PROBLEM REQUIREMENTS:
All of the data should be restated word for word, with the pictures omitted.

*** Opening of PROVIDED DATA ***

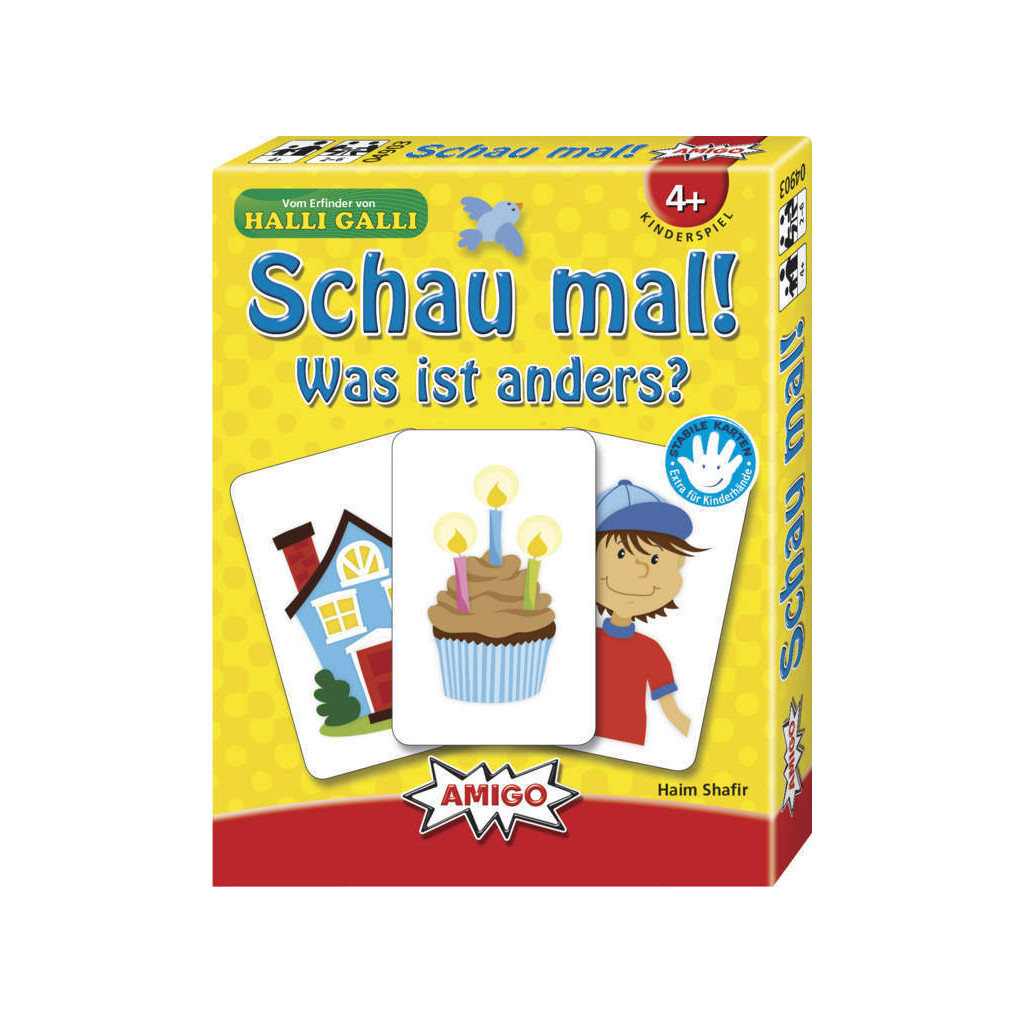 Schau mal!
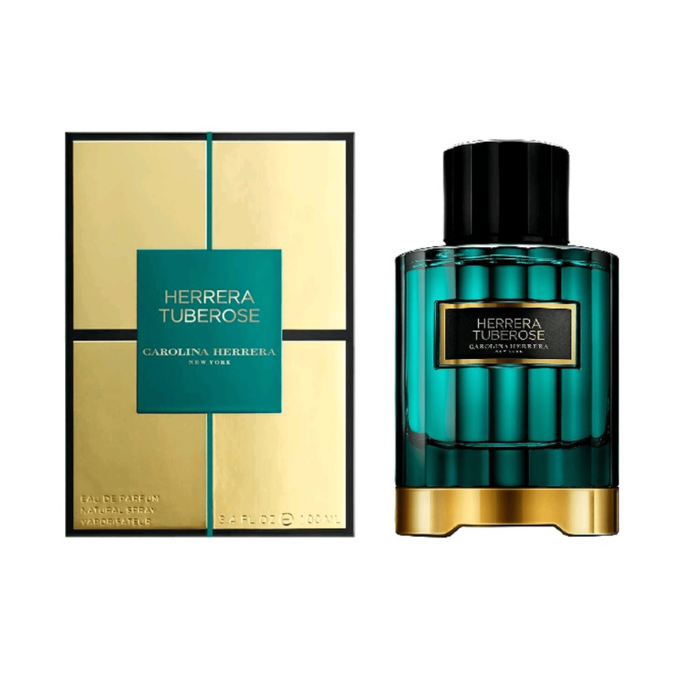 Carolina Herrera Tuberose Eau De Parfum For Unisex 100ml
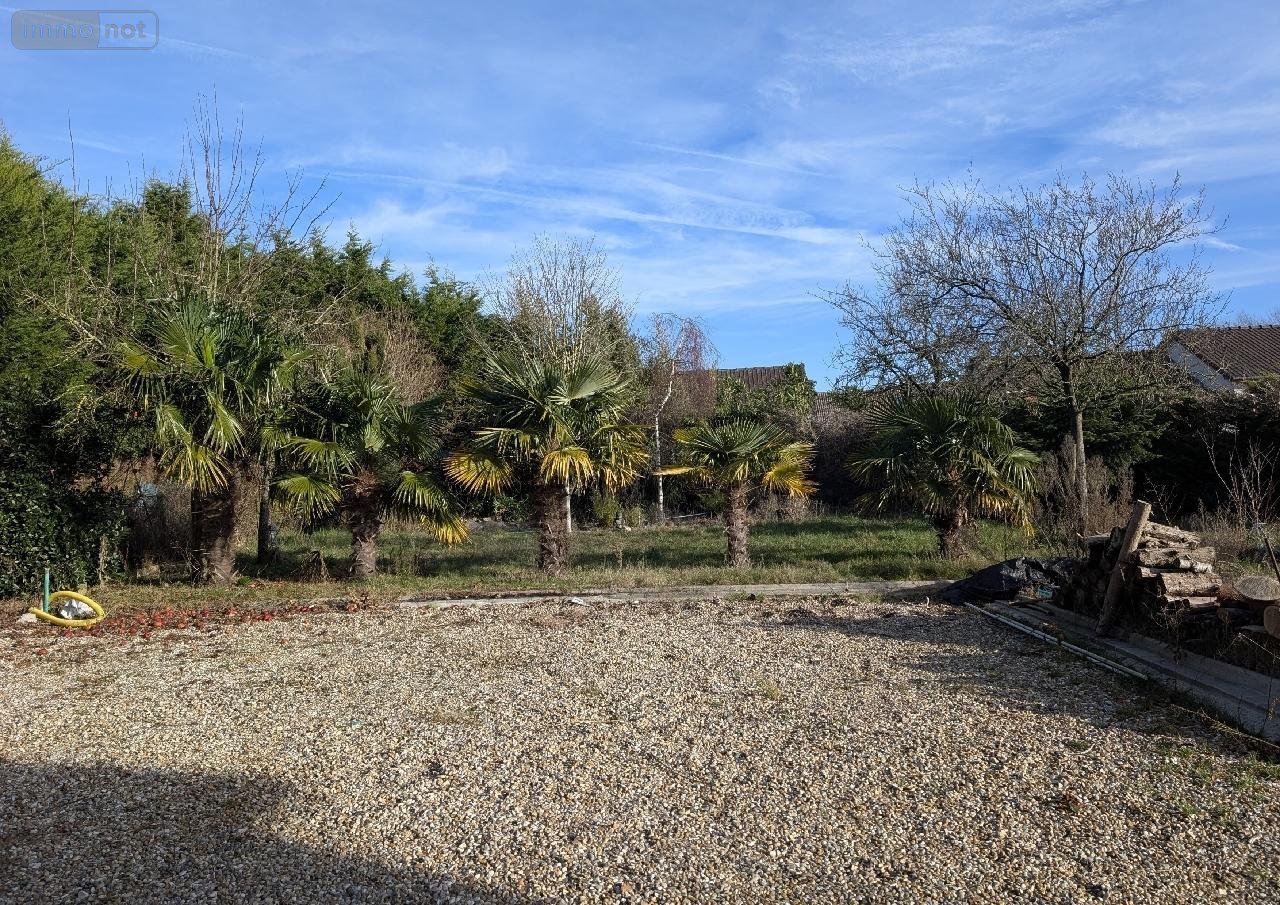 Terrain a batir a vendre Fort-Mahon-Plage 80120 Somme 660 m2  137400 euros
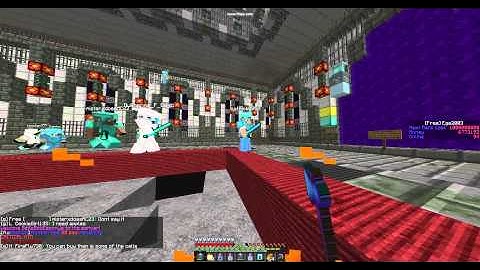 GuildCraft: Prison Pvp - Hacker Exposed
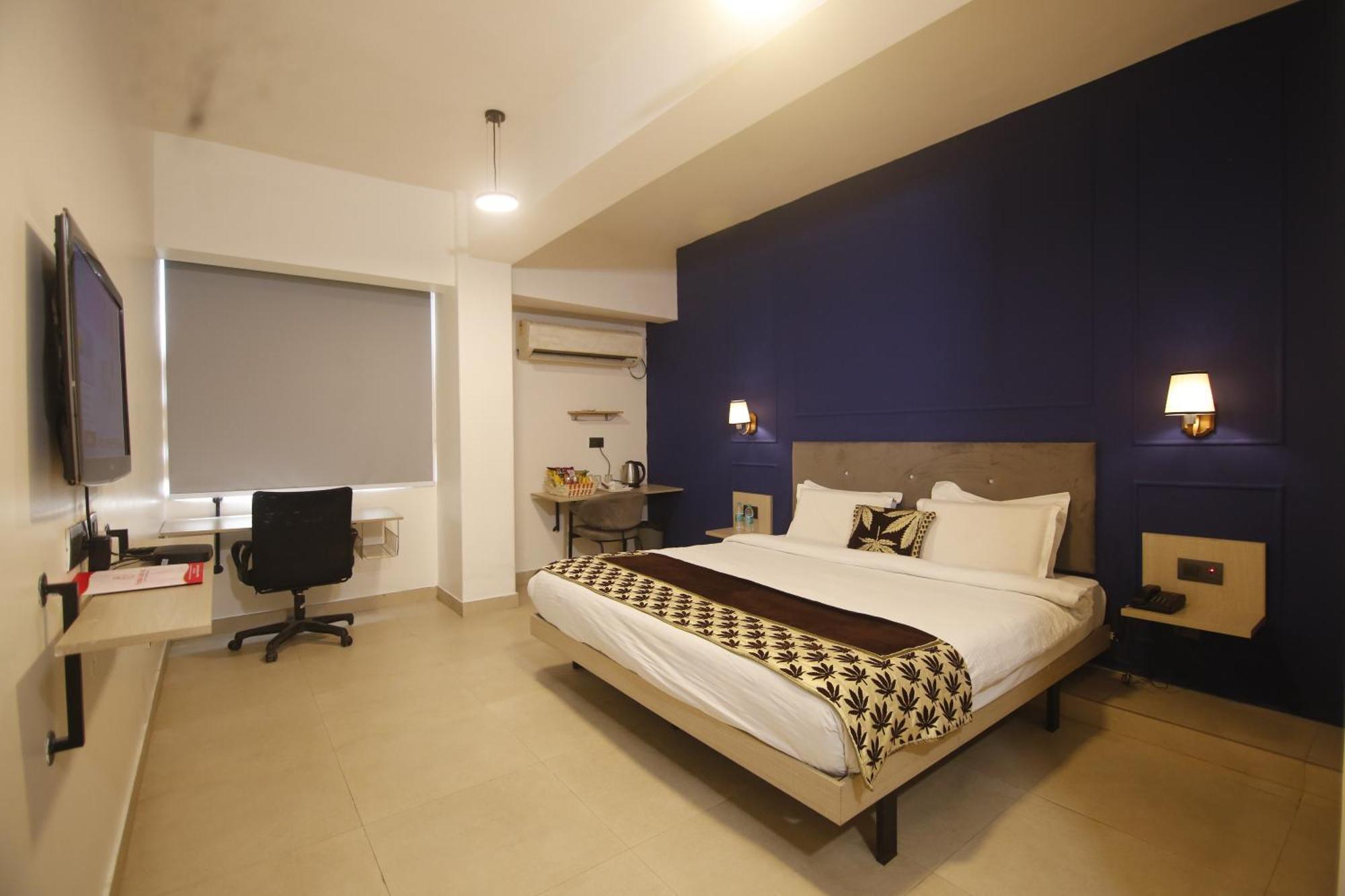 Virohaa Garden Hotel Ghaziabad Εξωτερικό φωτογραφία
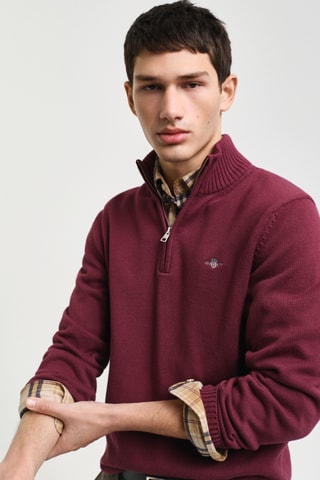 Camisola - Bordô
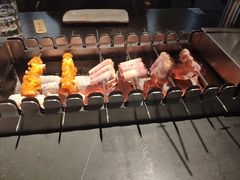-很久以前羊肉串(昌里路三钢里店)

*** Close of PROVIDED DATA ***

SOLUTION TO THE EXERCISE:
 Schau mal!
 Carolina Herrera Tuberose Eau De Parfum For Unisex 100ml
 Terrain a batir a vendre Fort-Mahon-Plage 80120 Somme 660 m2  137400 euros
 GuildCraft: Prison Pvp - Hacker Exposed
 Virohaa Garden Hotel Ghaziabad Εξωτερικό φωτογραφία
 Camisola - Bordô
-很久以前羊肉串(昌里路三钢里店)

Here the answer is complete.